E usamos estas bibliotecas sem pensar muito nas suas consequências: então ontem, durante o almoço, iniciamos uma discussão a respeito destas questões.
- O custo de termos dependências em nossos projetos - especialmente as dependências indiretas, que muitas vezes não são levadas em consideração.
- A possibilidade de haver conflitos entre diferentes versões de dependências em nossos projetos.
- Questões envolvendo segurança: você pode “acidentalmente” baixar um pacote batizado e cair em uma série de golpes.
- O fato de poder estar inserindo bugs em seu projeto proveniente destas dependências.
E realmente, se formos parar pra pensar, notamos um comportamento bastante curioso em praticamente toda equipe de desenvolvimento. Enquanto pensamos um milhão de vezes antes de contratar um programador (checamos seu currículo, aplicamos testes, o entrevistamos, etc), não o fazemos para as bibliotecas que incluímos normalmente em nossos projetos.

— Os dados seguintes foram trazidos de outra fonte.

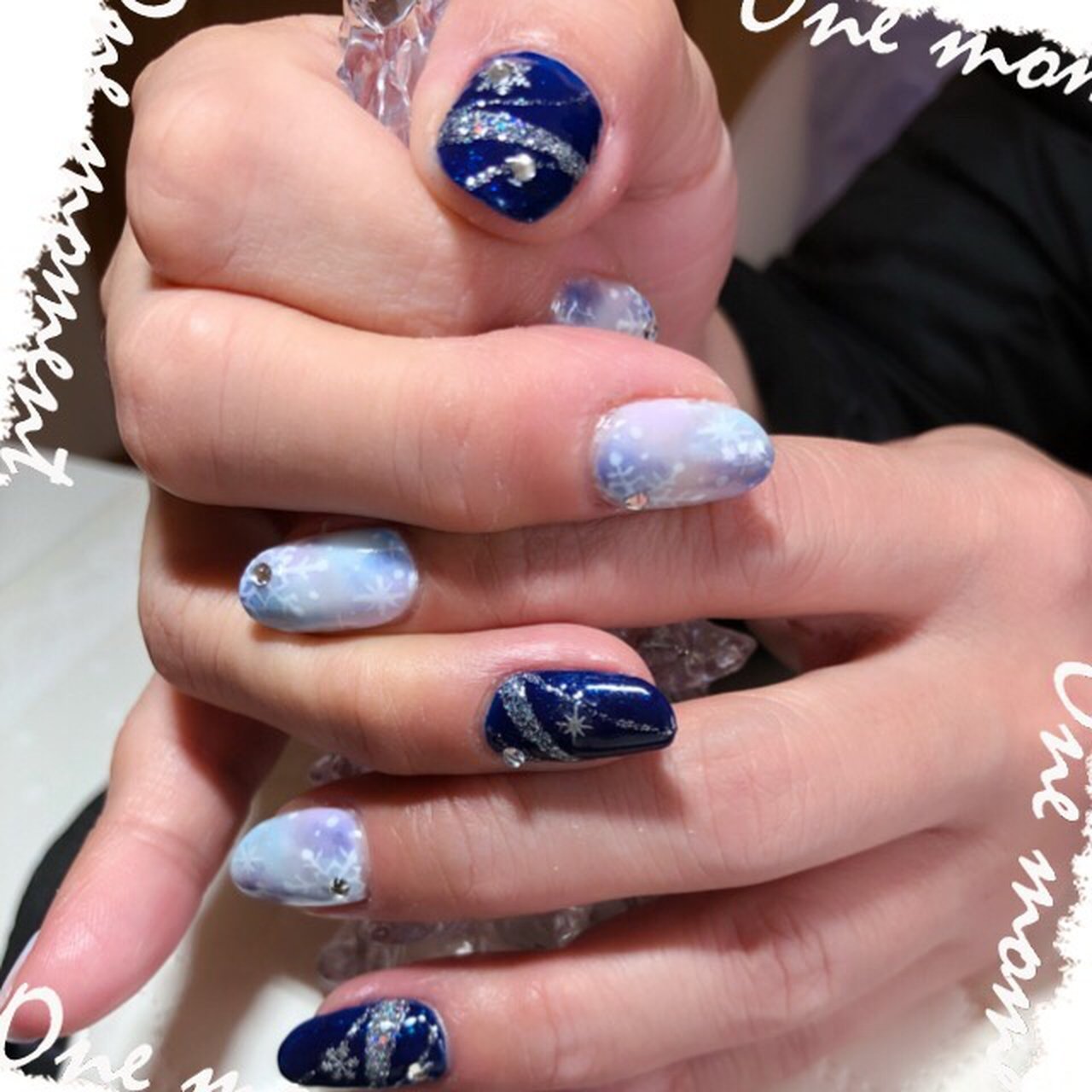 冬 クリスマス デート 女子会 ハンド Glossyarrtnailのネイルデザイン No ネイルブック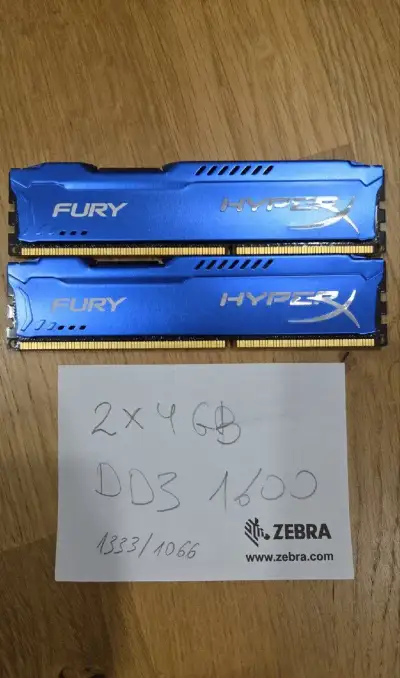 Kingston 2x4GB DDR3 1600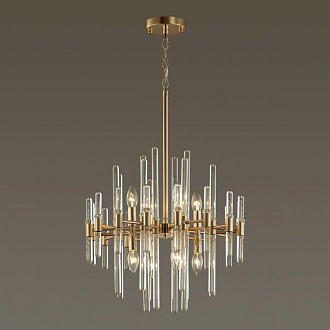 Подвесная люстра Диаметр 50 см Odeon Light Stika 4988/8 Золото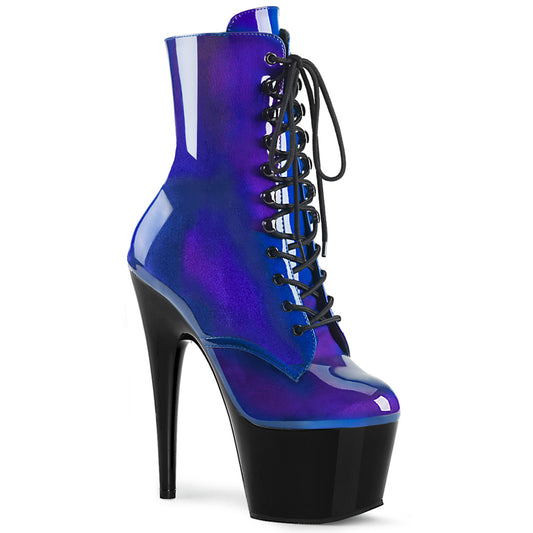 Pleaser Damen Knöchelstiefel ADORE-1020SHG Blue-Purple / BLK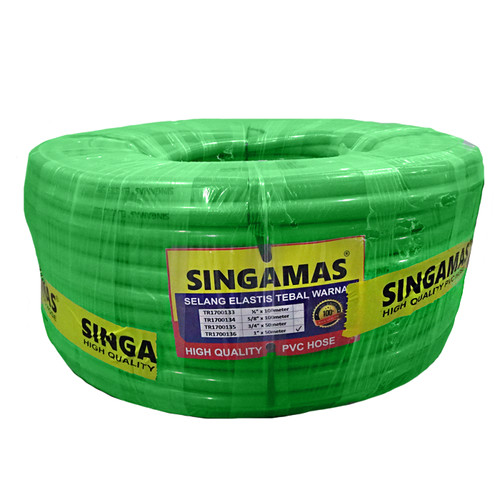[EZM.1000588] SINGAMAS Selang Air PVC Elastis Tebal 1 Inch x 50 Meter - PVC Hose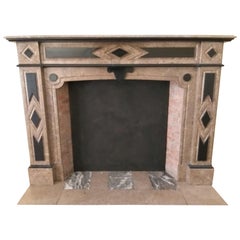 Italian Fireplace, Late 19th Century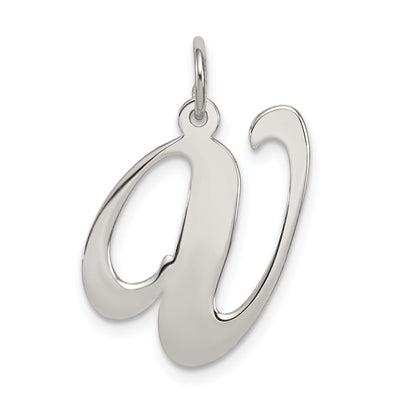 Silver Small Fancy Script Initial V Charm at $ 7.35 only from Jewelryshopping.com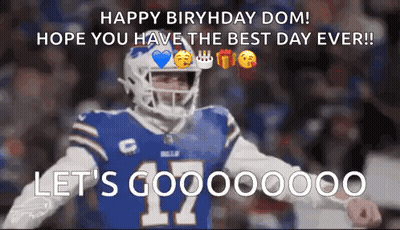 Football Player In Blue Jersey Number 17 GIF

Fato é que você não tem certeza a respeito da qualidade do código que está nas suas dependências: nós esperamos que ele esteja ok, mas é raro você realizar uma análise profunda nestas dependências.
Acessando o site da ACM Queue vi que a matéria de capa da última edição é justamente este assunto: “Surviving Software Dependencies”, de Russ Cox. Infelizmente não tenho uma assinatura ativa da revista, mas no blog do autor encontrei um texto que com certeza é bastante parecido com este e que vocês podem ler gratuitamente neste link: https://research.swtch.com/deps
É uma leitura fascinante, por que além de mostrar os riscos da inclusão de dependências em nossos projetos, também descreve diversas estratégias que nós podemos tomar em nossos sistemas para minimizar estes riscos.
Excelente leitura. Gostaria de saber a opinião de vocês a respeito.